▶ TASK STATEMENT
Starting at the first line of the listing below, repeat each line exactly until you have repeated the one containing "2013 Jeep Wrangler for"; skip the pictures.

....

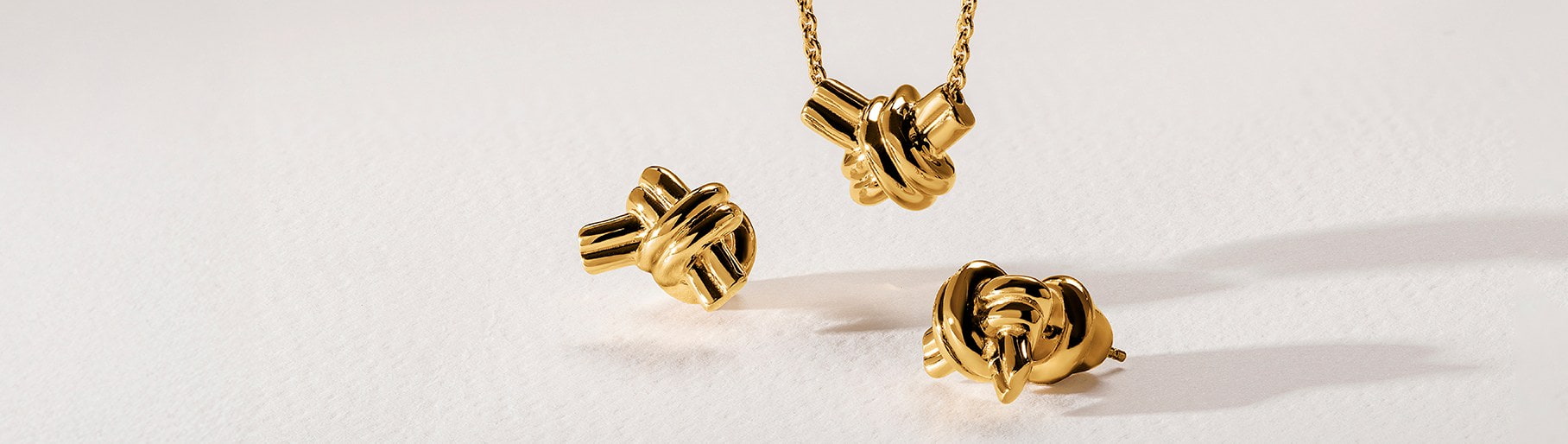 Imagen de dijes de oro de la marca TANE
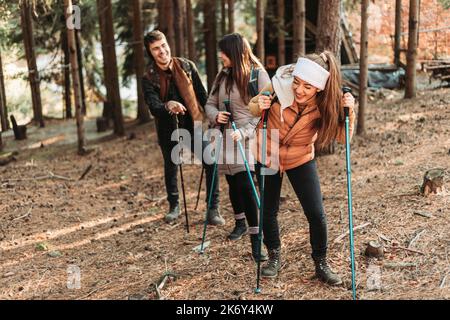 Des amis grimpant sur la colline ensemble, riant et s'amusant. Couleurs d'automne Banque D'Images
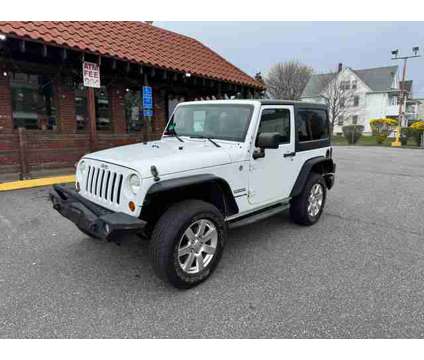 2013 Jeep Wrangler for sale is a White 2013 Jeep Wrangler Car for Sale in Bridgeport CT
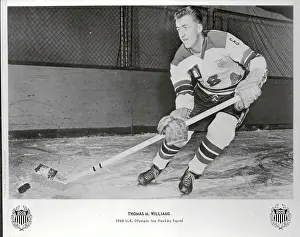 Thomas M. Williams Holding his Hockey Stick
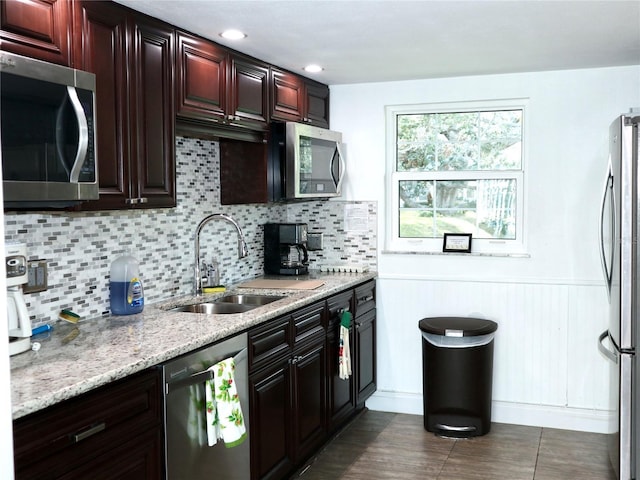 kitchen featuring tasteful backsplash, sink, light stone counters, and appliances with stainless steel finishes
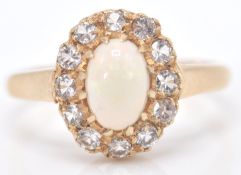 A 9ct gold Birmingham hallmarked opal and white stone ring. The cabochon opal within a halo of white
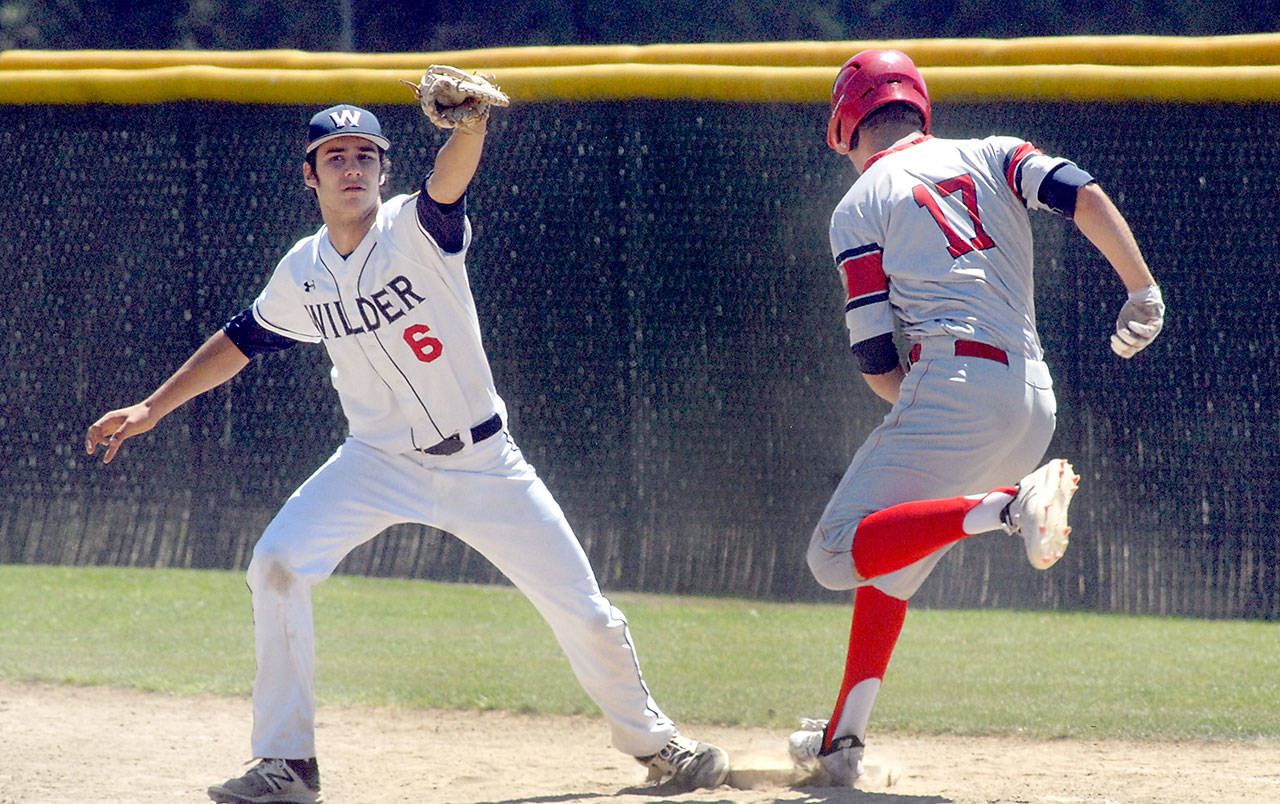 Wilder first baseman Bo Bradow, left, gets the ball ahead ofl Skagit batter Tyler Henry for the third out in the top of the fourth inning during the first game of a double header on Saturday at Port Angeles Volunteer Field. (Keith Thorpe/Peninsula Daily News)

....

▶ WRITTEN SOLUTION
 Imagen de dijes de oro de la marca TANE
 Des amis grimpant sur la colline ensemble, riant et s'amusant. Couleurs d'automne Banque D'Images
 2013 Jeep Wrangler for sale is a White 2013 Jeep Wrangler Car for Sale in Bridgeport CT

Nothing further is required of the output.